Page storage for Rustdb

I wrote a new blog, Page storage for Rustdb – Rusty thoughts copy included below. All comments welcome! Does this make sense to you?!

Any general purpose database will typically store information in pages, like pages in a book. When a page becomes full, it will generally need to be split somehow (typically divided into two smaller halves) before new data can be added.

Most database implementations I have looked at use fixed size pages, however this has the drawback that after a page is split, it may be only half full, meaning that 50% of the storage is unused. While it may be possible to “repack” pages to reduce wasted storage, Rustdb has an efficient implementation of variable size pages, in fact two different implementations of the PageStorage trait.
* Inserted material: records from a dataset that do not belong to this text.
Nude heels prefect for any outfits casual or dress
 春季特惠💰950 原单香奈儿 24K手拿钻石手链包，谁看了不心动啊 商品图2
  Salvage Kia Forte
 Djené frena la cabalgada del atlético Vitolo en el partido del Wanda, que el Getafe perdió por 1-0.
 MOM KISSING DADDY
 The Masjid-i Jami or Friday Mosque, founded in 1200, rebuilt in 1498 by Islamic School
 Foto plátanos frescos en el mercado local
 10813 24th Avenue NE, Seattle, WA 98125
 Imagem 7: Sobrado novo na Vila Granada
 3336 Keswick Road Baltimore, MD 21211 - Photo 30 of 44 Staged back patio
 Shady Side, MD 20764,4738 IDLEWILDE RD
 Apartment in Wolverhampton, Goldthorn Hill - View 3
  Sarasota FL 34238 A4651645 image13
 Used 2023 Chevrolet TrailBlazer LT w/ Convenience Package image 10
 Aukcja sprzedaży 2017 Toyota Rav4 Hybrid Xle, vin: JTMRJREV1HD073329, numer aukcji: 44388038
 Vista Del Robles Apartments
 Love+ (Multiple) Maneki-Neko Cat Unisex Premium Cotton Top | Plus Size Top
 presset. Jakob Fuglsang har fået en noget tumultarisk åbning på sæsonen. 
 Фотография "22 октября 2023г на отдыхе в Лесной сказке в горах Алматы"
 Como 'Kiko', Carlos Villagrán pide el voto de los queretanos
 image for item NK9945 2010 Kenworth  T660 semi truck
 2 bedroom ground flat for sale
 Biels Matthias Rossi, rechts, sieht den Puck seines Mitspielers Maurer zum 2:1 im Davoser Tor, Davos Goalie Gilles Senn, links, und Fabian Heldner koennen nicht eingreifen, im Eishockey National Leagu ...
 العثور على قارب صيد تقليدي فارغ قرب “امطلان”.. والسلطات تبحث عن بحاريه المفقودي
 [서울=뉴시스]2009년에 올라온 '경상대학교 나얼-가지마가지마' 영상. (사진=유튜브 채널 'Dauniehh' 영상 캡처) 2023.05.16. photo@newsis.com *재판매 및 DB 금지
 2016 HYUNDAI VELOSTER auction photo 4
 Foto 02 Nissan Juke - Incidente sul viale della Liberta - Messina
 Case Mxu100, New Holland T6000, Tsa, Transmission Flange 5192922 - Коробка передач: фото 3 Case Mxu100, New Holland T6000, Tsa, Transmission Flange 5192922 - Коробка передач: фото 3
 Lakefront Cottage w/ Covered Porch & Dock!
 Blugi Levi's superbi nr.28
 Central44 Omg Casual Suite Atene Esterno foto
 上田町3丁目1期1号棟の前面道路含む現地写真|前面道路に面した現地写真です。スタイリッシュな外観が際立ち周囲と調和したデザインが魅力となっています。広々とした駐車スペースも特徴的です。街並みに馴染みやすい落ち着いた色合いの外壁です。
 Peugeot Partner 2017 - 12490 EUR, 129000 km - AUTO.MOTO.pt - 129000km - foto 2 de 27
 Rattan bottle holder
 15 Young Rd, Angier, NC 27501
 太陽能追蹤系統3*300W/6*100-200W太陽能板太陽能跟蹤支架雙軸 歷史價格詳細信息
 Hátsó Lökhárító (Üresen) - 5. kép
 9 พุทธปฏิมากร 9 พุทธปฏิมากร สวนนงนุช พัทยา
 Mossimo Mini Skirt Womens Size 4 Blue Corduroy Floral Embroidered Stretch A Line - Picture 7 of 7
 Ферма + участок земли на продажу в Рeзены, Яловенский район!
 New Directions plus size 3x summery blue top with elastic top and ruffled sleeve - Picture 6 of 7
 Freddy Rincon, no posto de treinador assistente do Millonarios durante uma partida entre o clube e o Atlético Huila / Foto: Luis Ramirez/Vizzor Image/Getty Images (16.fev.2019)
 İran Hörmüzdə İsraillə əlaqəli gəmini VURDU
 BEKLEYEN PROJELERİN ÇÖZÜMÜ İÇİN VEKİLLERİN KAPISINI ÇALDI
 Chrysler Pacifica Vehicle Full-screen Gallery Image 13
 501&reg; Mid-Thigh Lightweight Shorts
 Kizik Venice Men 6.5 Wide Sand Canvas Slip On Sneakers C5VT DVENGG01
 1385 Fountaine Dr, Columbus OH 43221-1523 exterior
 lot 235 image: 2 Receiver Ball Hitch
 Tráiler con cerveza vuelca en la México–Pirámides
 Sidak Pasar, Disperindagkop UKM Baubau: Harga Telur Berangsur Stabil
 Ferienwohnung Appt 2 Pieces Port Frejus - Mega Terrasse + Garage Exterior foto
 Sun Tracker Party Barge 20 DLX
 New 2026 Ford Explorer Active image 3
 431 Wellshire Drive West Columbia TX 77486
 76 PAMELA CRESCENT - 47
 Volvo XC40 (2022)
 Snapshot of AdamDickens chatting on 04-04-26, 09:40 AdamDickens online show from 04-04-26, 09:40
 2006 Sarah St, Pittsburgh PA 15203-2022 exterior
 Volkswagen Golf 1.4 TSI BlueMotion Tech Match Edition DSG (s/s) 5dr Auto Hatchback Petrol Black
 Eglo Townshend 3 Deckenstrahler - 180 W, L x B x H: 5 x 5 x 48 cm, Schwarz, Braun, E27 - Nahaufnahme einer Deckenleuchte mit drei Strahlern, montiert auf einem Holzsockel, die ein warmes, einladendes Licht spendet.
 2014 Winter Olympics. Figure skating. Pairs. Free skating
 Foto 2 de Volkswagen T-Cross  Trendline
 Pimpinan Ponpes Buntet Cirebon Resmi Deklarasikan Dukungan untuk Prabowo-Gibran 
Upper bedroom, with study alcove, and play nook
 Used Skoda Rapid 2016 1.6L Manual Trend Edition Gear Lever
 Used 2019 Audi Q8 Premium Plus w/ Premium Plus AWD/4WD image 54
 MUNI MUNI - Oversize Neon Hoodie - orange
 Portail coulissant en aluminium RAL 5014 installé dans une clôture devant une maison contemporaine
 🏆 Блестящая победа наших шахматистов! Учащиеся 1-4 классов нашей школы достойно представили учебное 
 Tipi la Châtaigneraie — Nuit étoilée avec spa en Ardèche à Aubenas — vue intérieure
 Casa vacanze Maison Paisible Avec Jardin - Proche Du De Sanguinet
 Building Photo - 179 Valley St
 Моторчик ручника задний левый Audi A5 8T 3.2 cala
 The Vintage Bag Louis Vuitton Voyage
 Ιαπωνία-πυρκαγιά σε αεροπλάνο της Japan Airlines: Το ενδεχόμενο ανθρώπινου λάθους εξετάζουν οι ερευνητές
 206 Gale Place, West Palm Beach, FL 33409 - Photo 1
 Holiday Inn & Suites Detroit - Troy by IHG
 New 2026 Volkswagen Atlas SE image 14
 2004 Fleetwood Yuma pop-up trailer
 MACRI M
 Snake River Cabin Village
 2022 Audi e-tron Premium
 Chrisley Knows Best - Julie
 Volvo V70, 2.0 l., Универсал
The first option is “CompactFile“. This (roughly speaking) splits pages into 1-16 kilobyte chunks. However more recently I have developed another option, “BlockPageStorage” which first divides the file into a small number of variable size files ( each built out of fixed size blocks ), and then allocates pages from these files, with each file being used to store pages of a particular size. So this is implemented as three structs: BlockStg which managed fixed size blocks, DividedStg which implements multiple files out of fixed size blocks and finally BlockPageStorage which uses the files to manage variable size pages. Since blocks are fixed size, when there is a free block, the last block in the file can be relocated to fill the gap. Similarly, when there is a free page, the last page in the subfile can be relocated to fill the gap. Thus the amount of unused file storage is minimal.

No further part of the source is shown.